Performer: Jim Campbell Photograph by: Rosie Collins Show: Trampoline Venue: Just The Tonic @ The Mash House Promoter: Keepers Comedy Online: Box Office Facebook Website
Tell me about your Edinburgh show.
It’s me trying to use my platform to sell an engagement ring and move on from the reasons I’m selling it with some dignity. That didn’t go brilliantly. I bought a bin online for my new place but forgot to change my address on the website so ended up sending a bin to my ex, with my name on it, and that’s not even the most embarrassing thing in it.
Tell me about your first gig.
A friend of mine booked it without telling me then used a method know as peer pressure to talk me into actually doing it. It was a mixed bill and I followed a poet who did a powerfully moving poem about the physicality of what happens to a child’s body when they’re accidentally shot in a drive by. He ended his set by saying “I don’t want any of you to clap, because if you clap you’re missing the point. Thank you.” Then silence. There was no MC so I then had to go straight on and give my first ever sideways glances and hot takes on this crazy old thing we call life. Let’s say I’ve had better gigs since.
Do you have any rituals before going on stage?
I spend a full day questioning my life choices.
Tell me about your best and worst review.
My best review was completely wrong, the reviewer was just in a good mood, and my worst review cut to the core of everything that’s wrong with me and exposed me for the fraud I am.
During this Edinburgh run, do you plan to read reviews of your show?
It’s inevitable that news of them will filter back to me so probably, unless I get a particularly savage one and am warned away.
How do you feel about reviewers generally?
I’m not someone who’s anti-critic. There aren’t many people that review comedy full time and I think it’s vital that there are at least a few. Obviously they can’t see everything so the Fringe has a lot of inexperienced reviewers cutting their teeth, but I don’t know what the alternative is so good luck to them, unless they review me in a way I don’t like in which case fuck the cretins.
In April 2018, YouTube comedian, Markus Meechan (aka Count Dankula) was fined £800 for training his girlfriend’s pug dog to do a Nazi salute with its paw, in response to the phrase ‘Gas the Jews’. Do you believe Meechan committed a criminal offence, and why?

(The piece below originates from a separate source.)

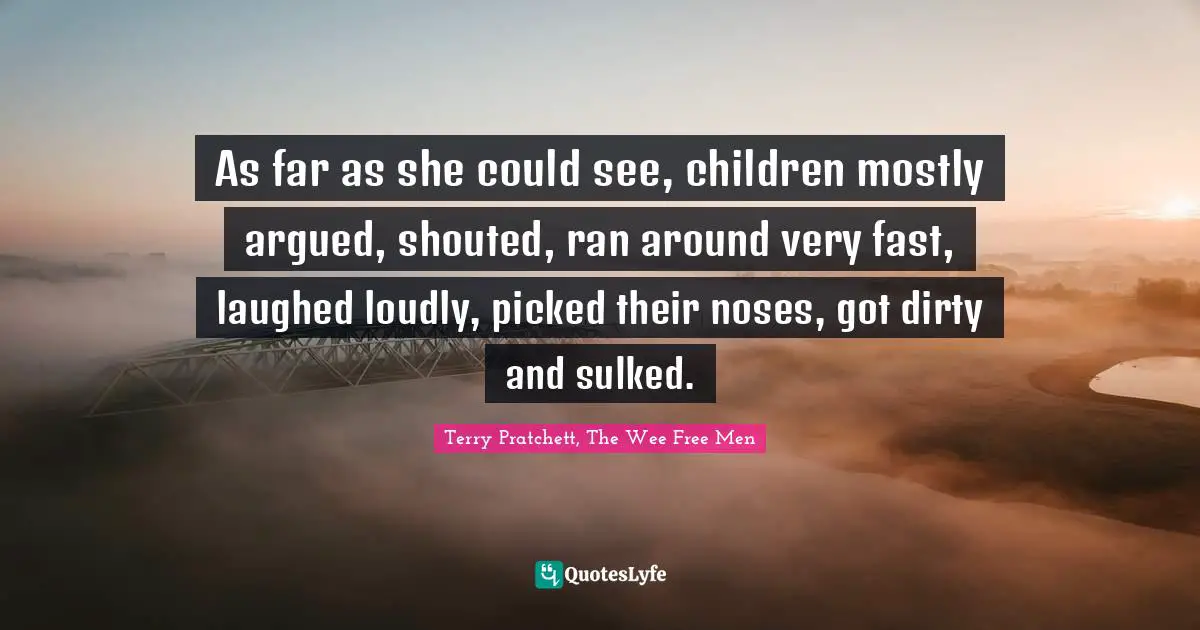As far as she could see, children mostly argued, shouted, ran around very fast, laughed loudly, picked their noses, got dirty and sulked.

That whole thing is such a minefield. I’m not convinced that what he did was really a joke, or certainly not in the way he claimed it was. I don’t think he was going “look, I’ve made this cute dog do an awful thing, what a funny juxtaposition”. I think it was more “Look, I’ve made this cute dog do an awful thing and I’m getting away with it under the pretence of irony.” Until he didn’t get away with it, obviously. That said, I’m not confident enough in that suspicion that I think the guy is a criminal. I’m glad the judge didn’t ask for my help with it.
Are there any subjects that are not suitable for comedy?
I don’t think so in theory, but in practice I think that at any given time there can be both audiences and comedians who aren’t suited to comedy. I don’t know who would police that. There are always going to be people who are good enough to tackle difficult subjects well and there will always be open mic acts who think it’s funny to shock for the sake of it. Those with potential will eventually either work out how to do it or not to do it.
Have you ever gone too far?
I once ran through a field of wheat, shouting “Gas the horticultural pests!” I was merely offering my advice to a nearby and clearly inexperienced farmer who looked unsure of how best to preserve his harvest. On reflection it seemed aggressive and if he’s reading this I’d like to publicly apologise.
Looking back over your time as a comedian, tell me about the best gig of your career.
I think my favourite gig was in Edinburgh in maybe 2015, at a show called Phil Nichol’s Cray Cray Cabaret. It was run by Phil and Bec Hill. It was in one of the Assembly venues. Adam Hills had just been on and the room was already in a great mood. I was only visiting that year so just messed about but it was of those gigs where the crowd had seemingly limitless energy and best of all, I had a backing band soundtracking every joke. One day I will always have a backing band.